As such, all eyes were on Merkel's annual integration summit on Wednesday, the first such meeting to be held after the most recent spate of German hand-wringing over its immigrant population.
An open letter to Merkel released in the run-up to the summit made clear how immigrants in Germany feel about the current debate. "We do not want to be reduced to the level of youth gangs who beat people to death on the subway," the letter read. "We are sick of sweeping prejudices against us." "The debate as it has been conducted up until now has harmed and damaged us." Even some of the best integrated immigrants in Germany have been left feeing unwelcome in the country.
Three Decades of Failure
On Wednesday, Merkel sought to turn down the heat on the debate. At the summit, 120 participants from business, public life, organizations representing the interests of immigrants and politicians convened to discuss issues including language acquisition, education, social welfare issues as well as the economy and labor market.
One of the most important aspects of Germany's program to bring immigrants to the center of society is through government-sponsored language and integration courses. Merkel said the classes would help Germany accomplish in 10 years what it had failed to do for over three decades. "In five to seven years, we will have offered all those who are interested the chance to take an integration course," the chancellor said.
In addition, each immigrant is to be given an individual plan, a kind of contract that will codify the support and help an immigrant can expect. "But also what our country expects of them," said Maria Böhmer of the CDU, the government's coordinator for integration. Böhmer said that would lead to a greater commitment from both sides. She added that the expectations for an immigrant's language skills, level of education and professionalism would be anchored and that, at the same time, an individual offer of support would be given to each.

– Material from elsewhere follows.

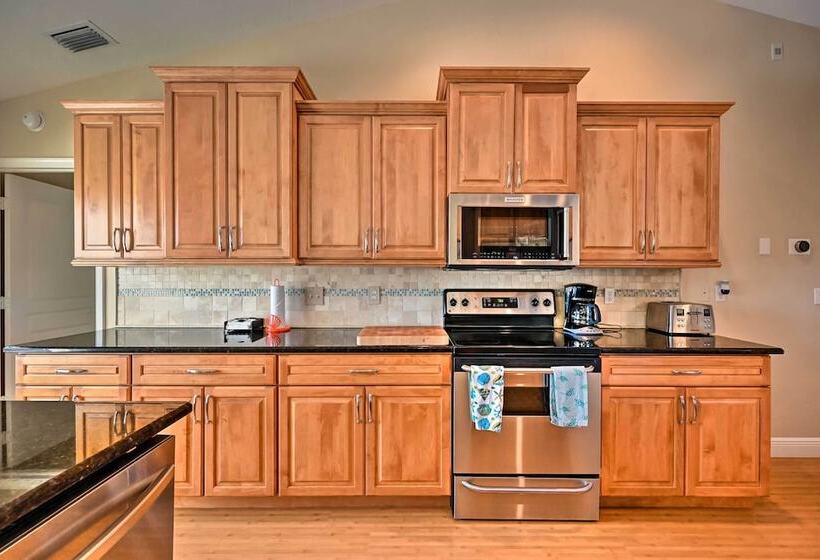 House W/ Heated Pool & Grill   Walk To Beach!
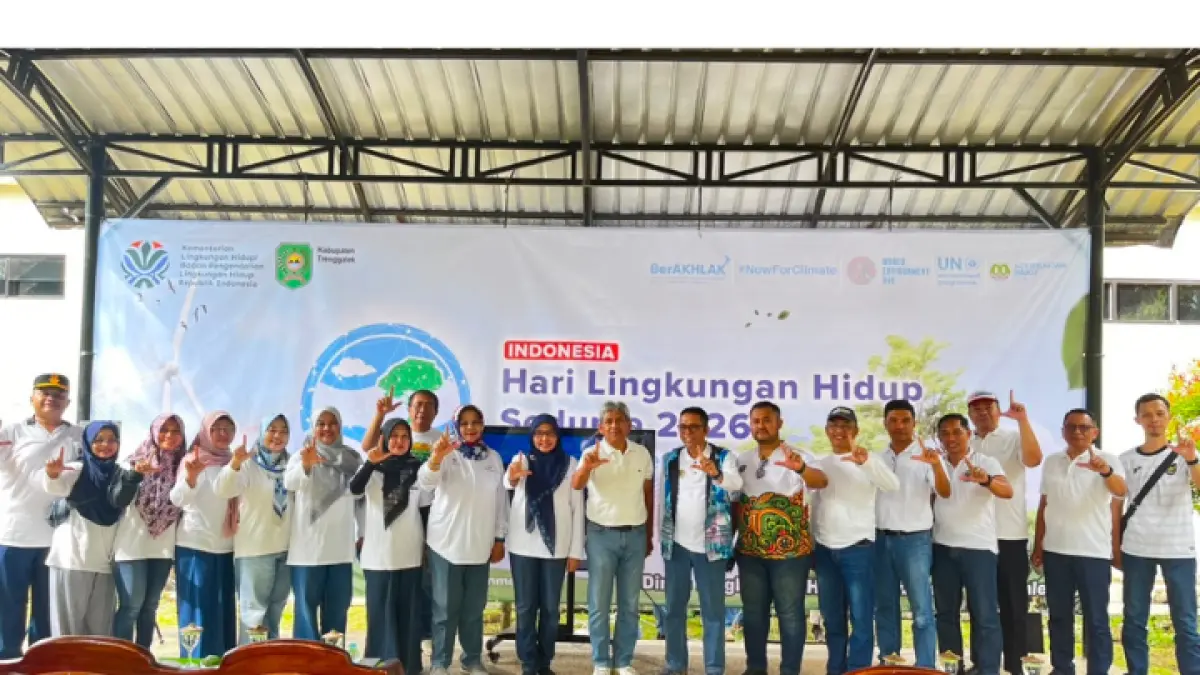 UBAH KEBIASAAN: Sekda Trenggalek Edy Soepriyanto, Plt Kepala DLH, Cusi Kurniawan serta sejumlah pejabat pemkab Trenggalek foto bersama setelah teleconference hari
lingkungan hidup sedunia 2026 di taman Trenggalek Agro Park. (ZAKI JAZAI / RADAT TRENGGALEK)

Böhmer said the government would begin testing the integration agreements in 2011.
German Education and Research Minister Annette Schaven of the CDU also presented draft legislation that would improve the recognition of foreign degrees and training certificates. The government believes that as many as 300,000 qualified immigrants will profit from the law. Many foreigners living in Germany have trouble getting their academic qualifications and degrees from abroad officially recognized by German authorities.

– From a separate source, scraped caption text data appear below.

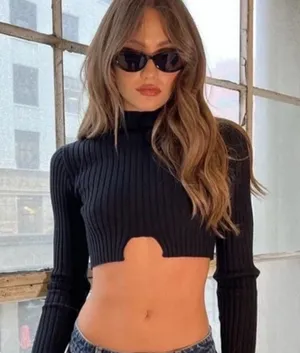 Edikted Bonnie cropped sweater size m/l thumbnail 1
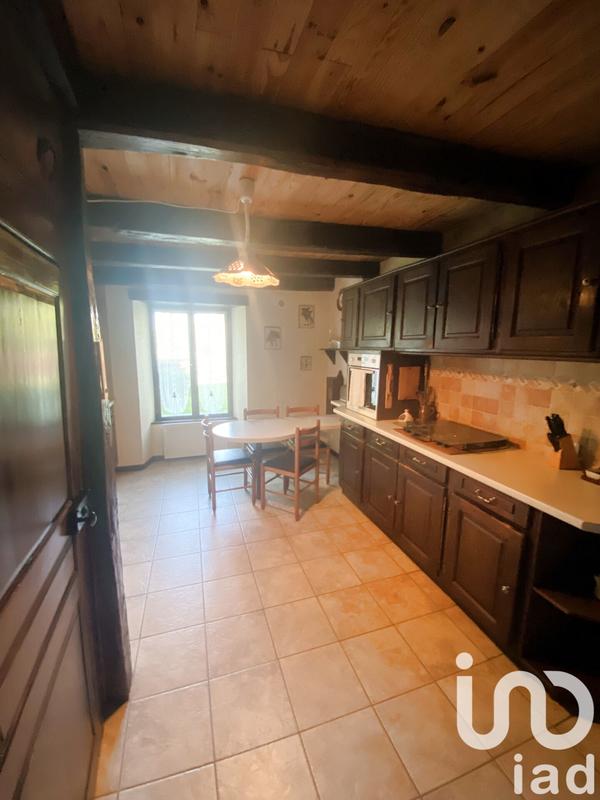 Maison - 210 m² - 6 pièces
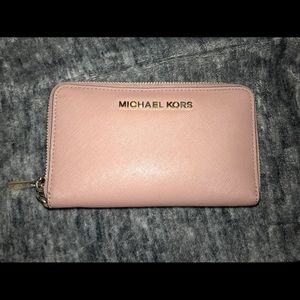 Michael Kors Wallet!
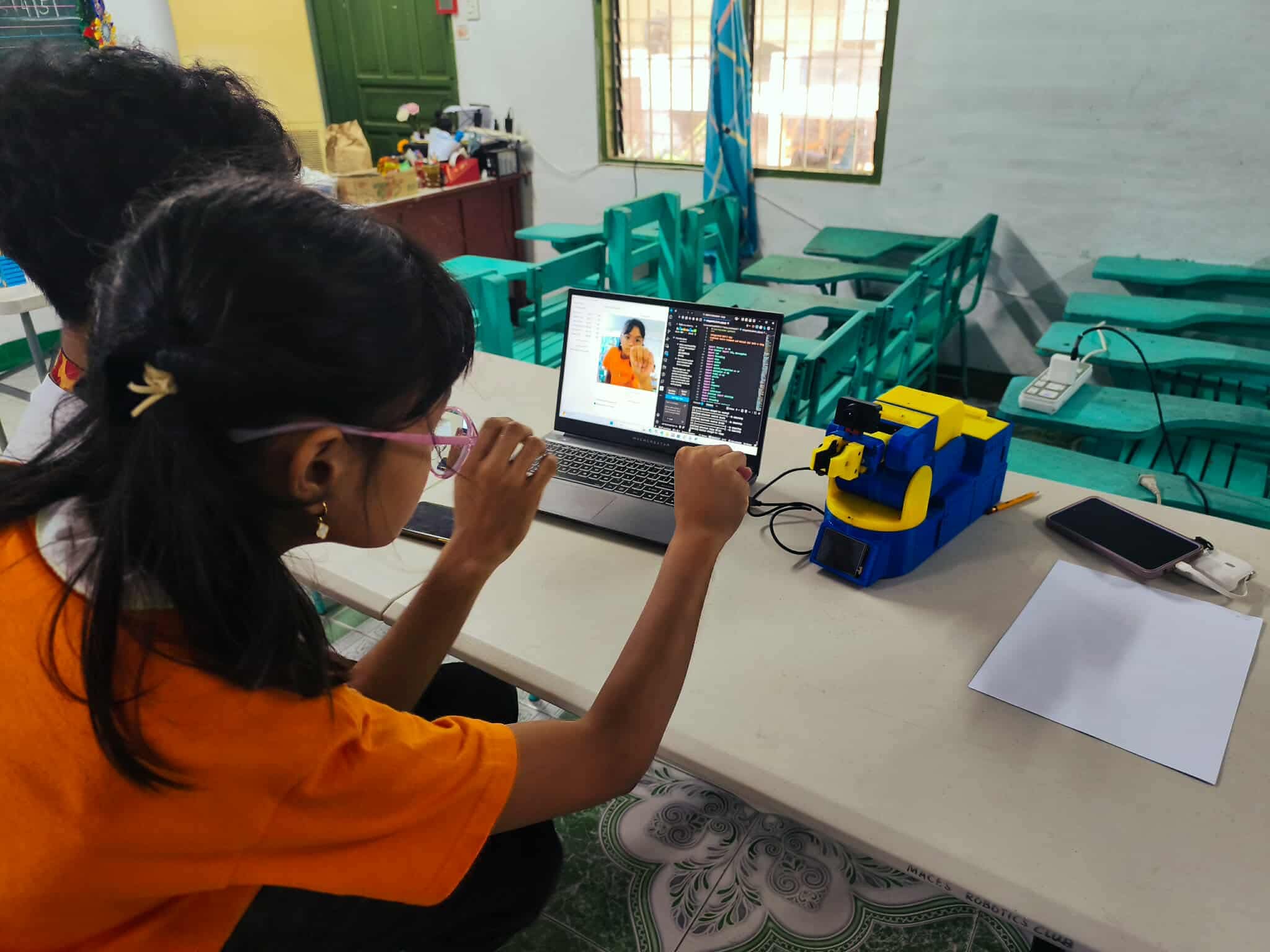 Filipino Student Innovator Builds AI Robot That Gives Sign Language a Voice, Wins International Award — photo 3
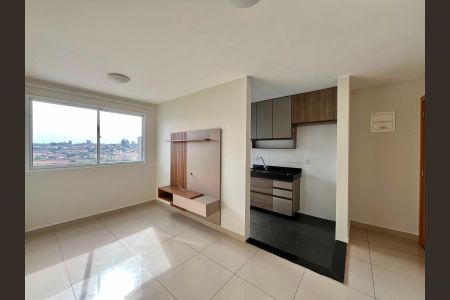 Sala de apartamento para alugar com 2 quartos, 43m² em Parque Industrial, Campinas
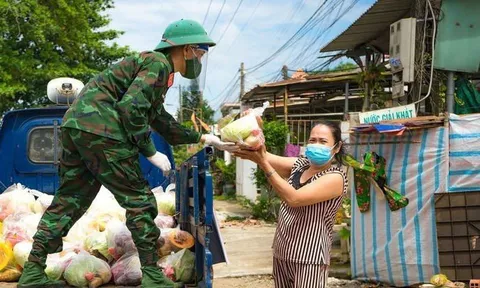 Xúc động hình ảnh quân đội xuyên đêm vận chuyển lương thực cho người dân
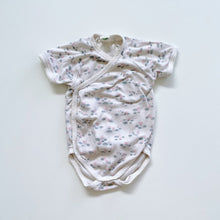 Load image into Gallery viewer, Nature Baby Organic Kimono S/S Bodysuit Water Lily (6-12m)
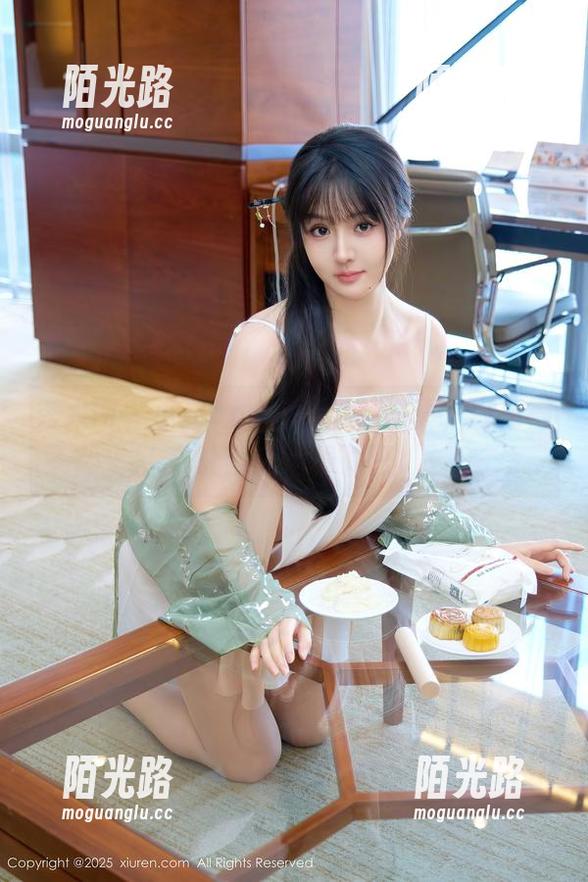 秀人网 - 小甜angle的礼服写真，高清得让我差点掉下巴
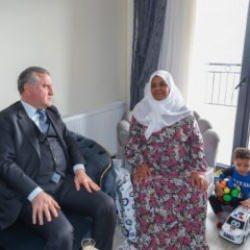 Depremzede kadın: Evlat atıyor ama devlet atmıyor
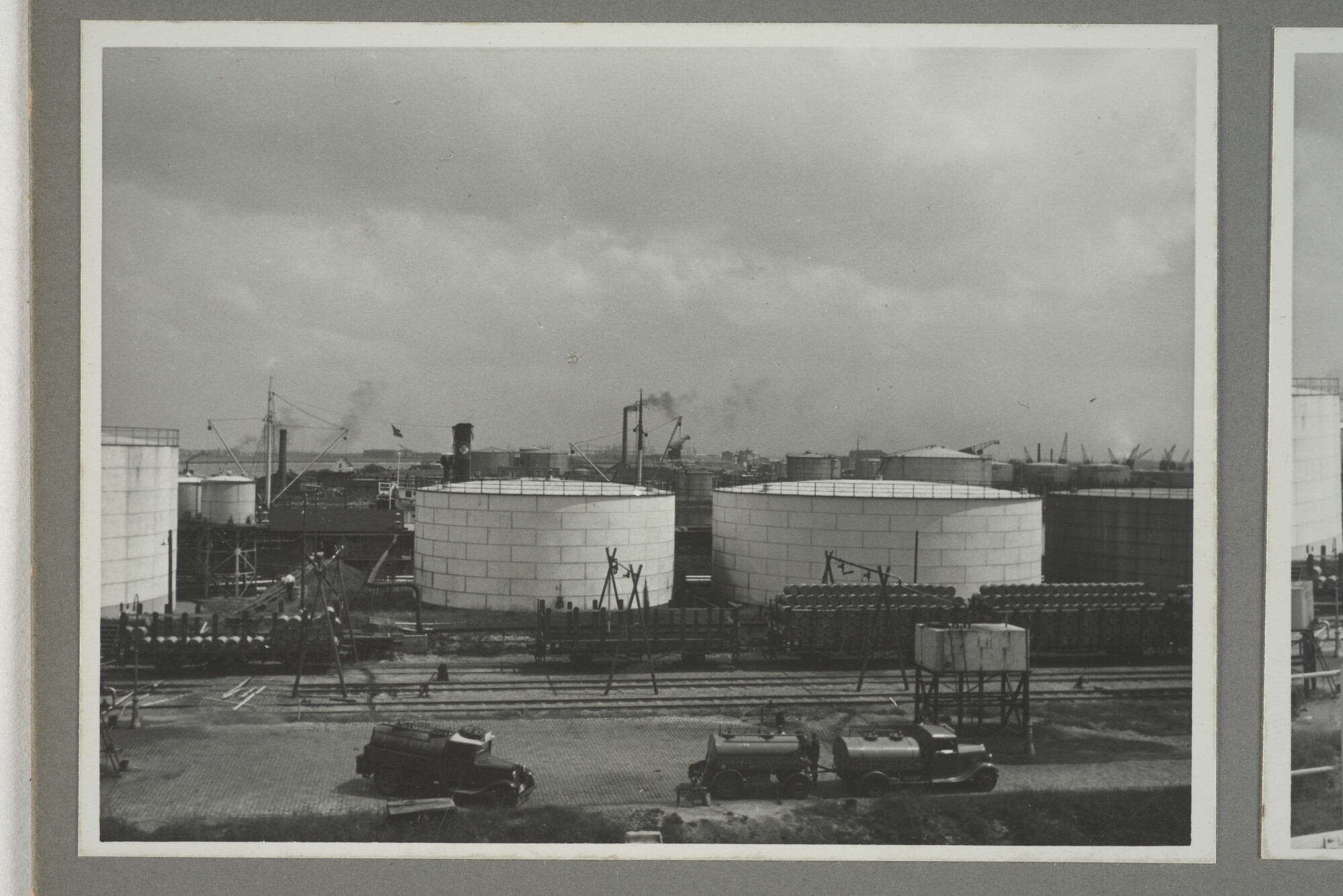 1998.2177; Omslag/ album met een grote hoeveelheid proeffoto's gemaakt door mw. A.M. Wolff-Koller in opdracht van de Gemeente Handelsinrichtingen in Amsterdam; omslag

Still, apart from Schavan's draft legislation, the summit ended with a handful of plans and declarations of intent that are as vague as they are well-meaning. The government has insisted that progress is being made, but after four years, the summit's credibility is waning. The government may be talking the talk when it comes to campaigning for immigrants to learn the German language, but in reality it is cutting budgets for the programs even as demand for them and waiting lists in cities across the country grow.
Representatives of Germany's municipalities complained at the summit that they receive too little federal funding for integration courses. Frankfurt Mayor Petra Roth of the CDU, who is the president of the German Association of Cites and Towns, said: "If municipalities are supposed to do more, then we need the financial leeway to do so." German cities have suffered particularly badly from the recent economic and financial crisis. German state governments have also seen tax revenues shrink.

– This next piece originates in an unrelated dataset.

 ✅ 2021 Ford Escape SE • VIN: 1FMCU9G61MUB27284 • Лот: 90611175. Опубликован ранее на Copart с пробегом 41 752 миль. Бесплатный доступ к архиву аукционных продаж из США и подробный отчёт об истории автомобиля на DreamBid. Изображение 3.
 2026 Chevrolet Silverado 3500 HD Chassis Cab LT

Böhmer countered by saying that states haven't lived up to their pledge of reducing the number of immigrant children who drop out of school to the same level as that of German students. Currently, the drop-out rate for children of immigrants is 13 percent, but only 7 percent from children who come from German families.
'The Multicultural Society Is a Reality'
Kenan Kücük -- who heads the Multikulturellen Forum, or Multi-Cultural Forum, and spoke at the press conference as the representative of the immigrants participating -- criticized the fact that the integration debate in Germany is too focused on language. He called on the government to show greater commitment rather than always falling back to the debate over whether or not Germany is a nation of immigration. "The multi-cultural society is a reality," he said, going on to quote German President Christian Wulff, who said in a recent address that Islam is part of German society. "One-sided discussions fuel rejection, xenophobia and racism," Kücük said.
Nevertheless, one concrete proposal did come from the government this week that could help immigrants. Typically, it happened outside of the Integration Summit. German Family Minister Kristina Schröder of the CDU said her ministry would provide more money for daycare centers where children of immigrants are provided with care. Schröder said 400 million ($565.6 million) in additional funds are being earmarked to hire additional personnel to help children of immigrants learn German.